**Description of the task**: Return the data below exactly, please, but drop the pictures.

───── Data for this task

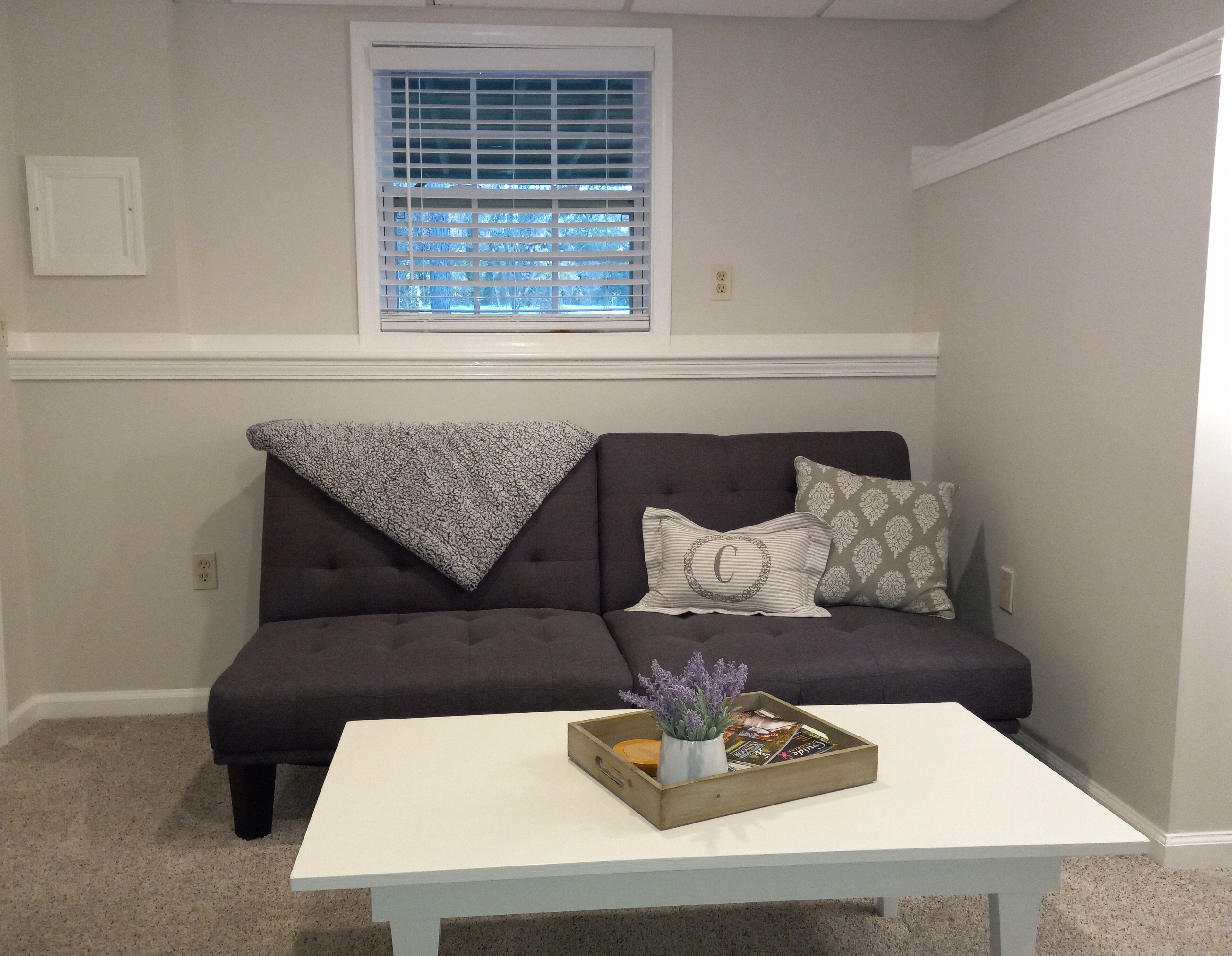 A living room with a dark grey sofa, white cushions, a white coffee table, and a window with blinds.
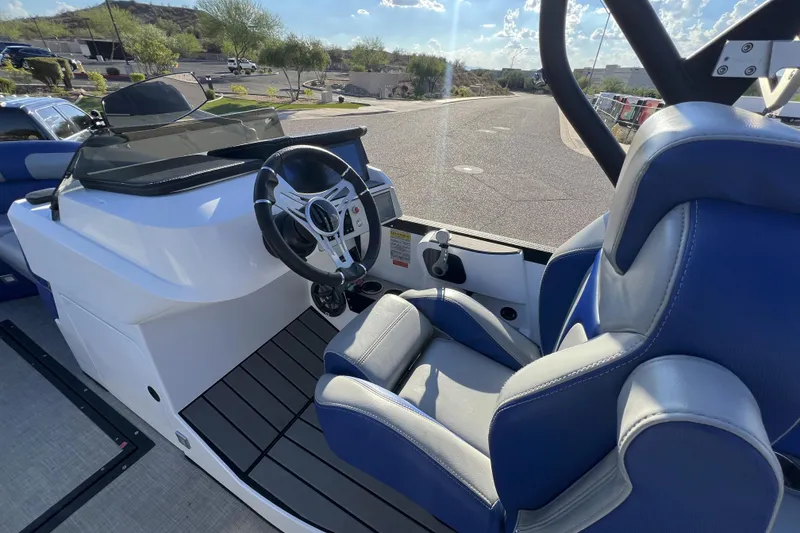 Slide: The Image of 2024 Montara 23 SURF BOSS 2.0 boat interior with steering wheel and blue seating. - 8
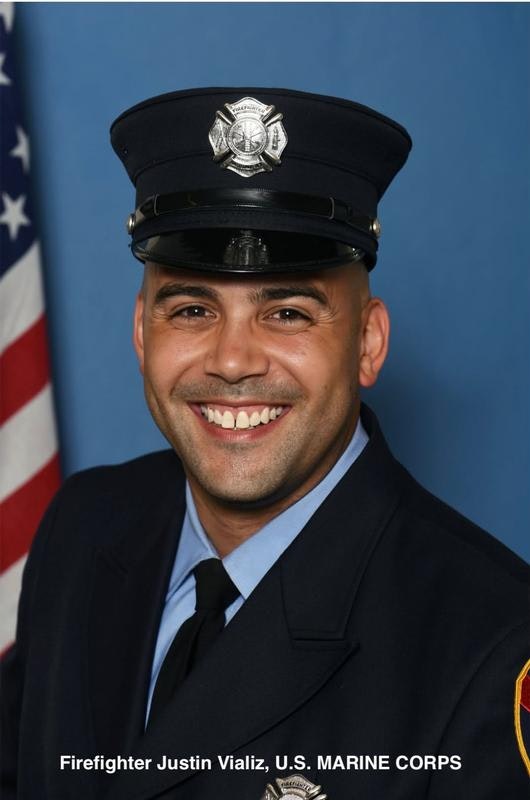 A smiling firefighter in uniform, wearing a hat with an emblem, posed in front of a blue backdrop and an American flag.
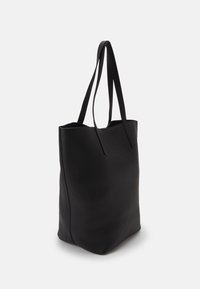Sac cabas en cuir noir avec des poignées longues et plates. Texture lisse, ouverture supérieure et design minimaliste sans ferrures ni ornements visibles.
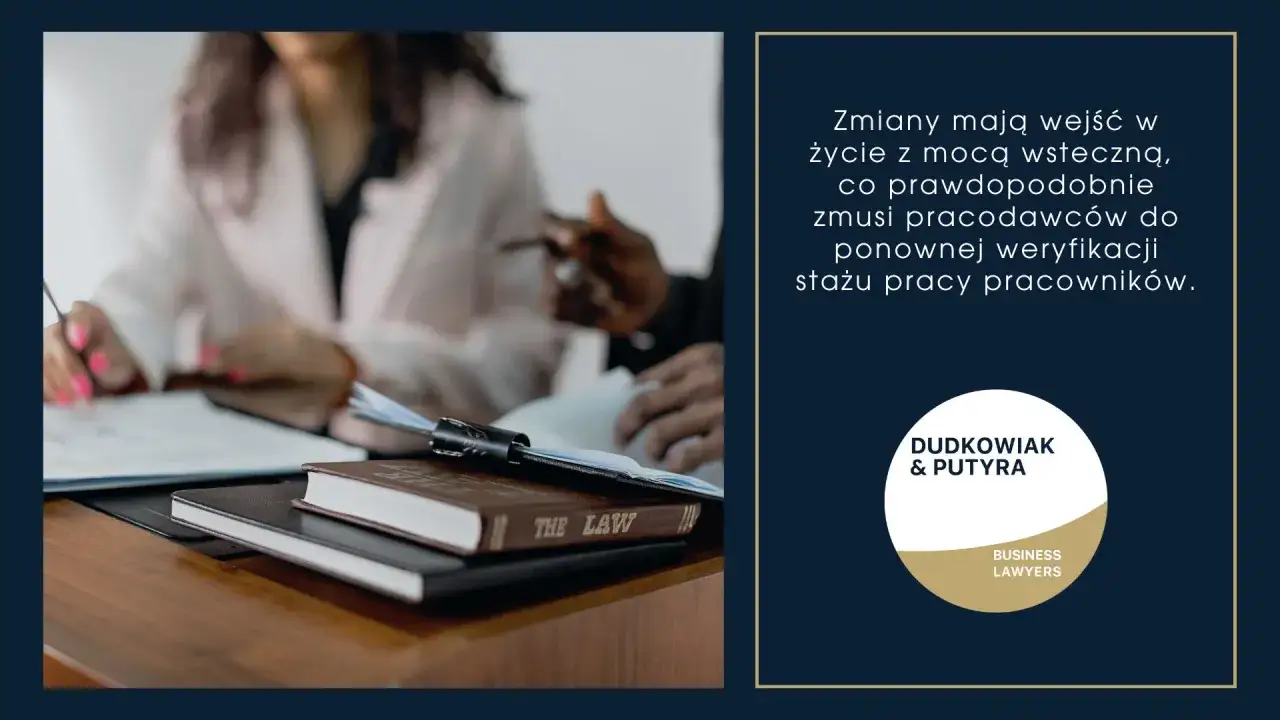 Dwie osoby analizują dokumenty przy biurku z książką 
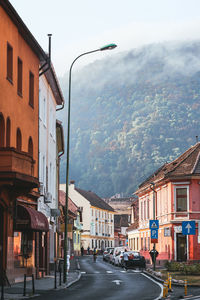 Brasov, romania, 29th of july 2022 - curving street with cars and mountains in the distance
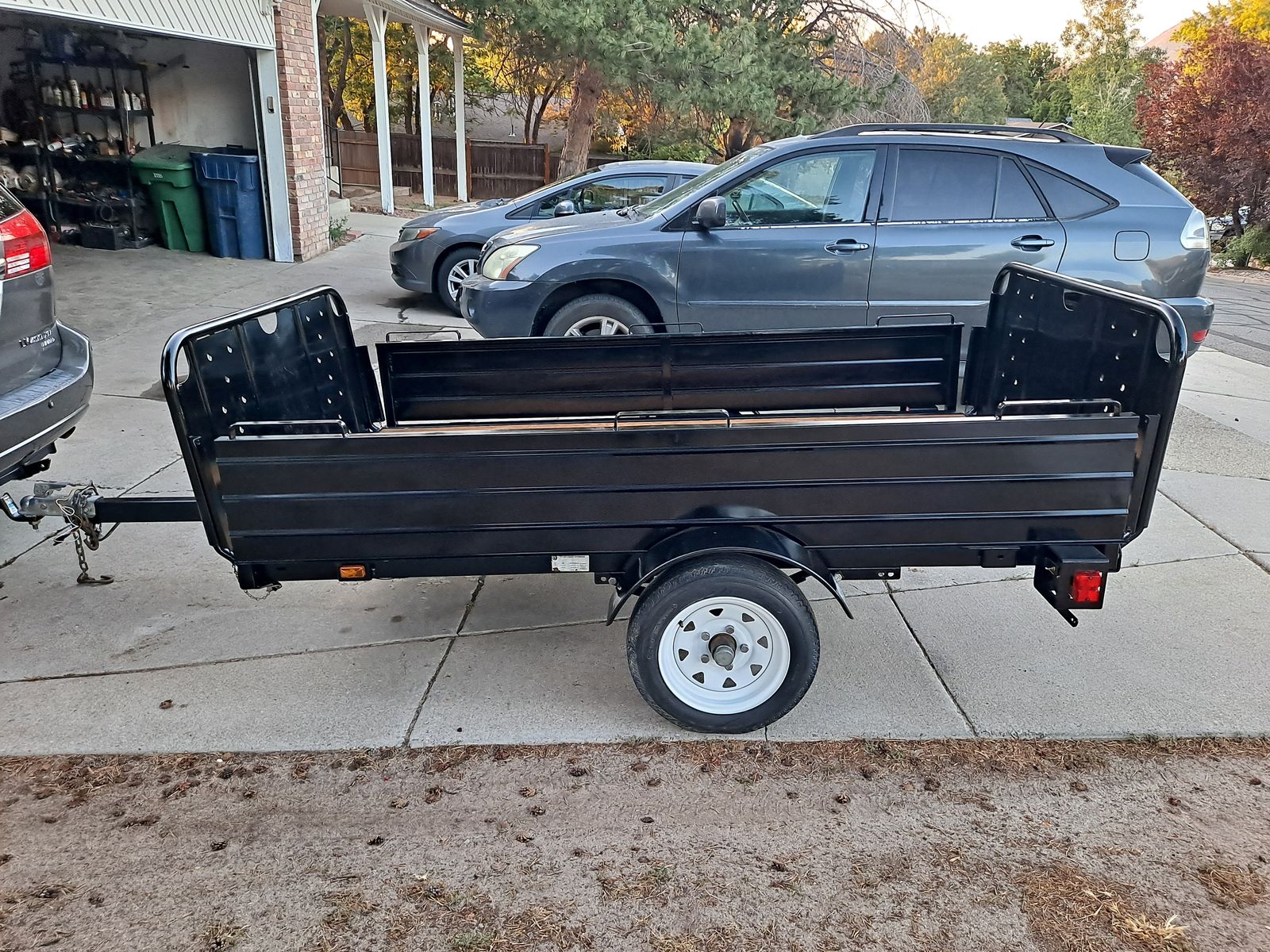 5x8 utility trailer, strong box, tilt function.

──────────

**Solution to the exercise**:
 A living room with a dark grey sofa, white cushions, a white coffee table, and a window with blinds.
 Slide: The Image of 2024 Montara 23 SURF BOSS 2.0 boat interior with steering wheel and blue seating. - 8
 A smiling firefighter in uniform, wearing a hat with an emblem, posed in front of a blue backdrop and an American flag.
Sac cabas en cuir noir avec des poignées longues et plates. Texture lisse, ouverture supérieure et design minimaliste sans ferrures ni ornements visibles.
 Dwie osoby analizują dokumenty przy biurku z książką 
 Brasov, romania, 29th of july 2022 - curving street with cars and mountains in the distance
 5x8 utility trailer, strong box, tilt function.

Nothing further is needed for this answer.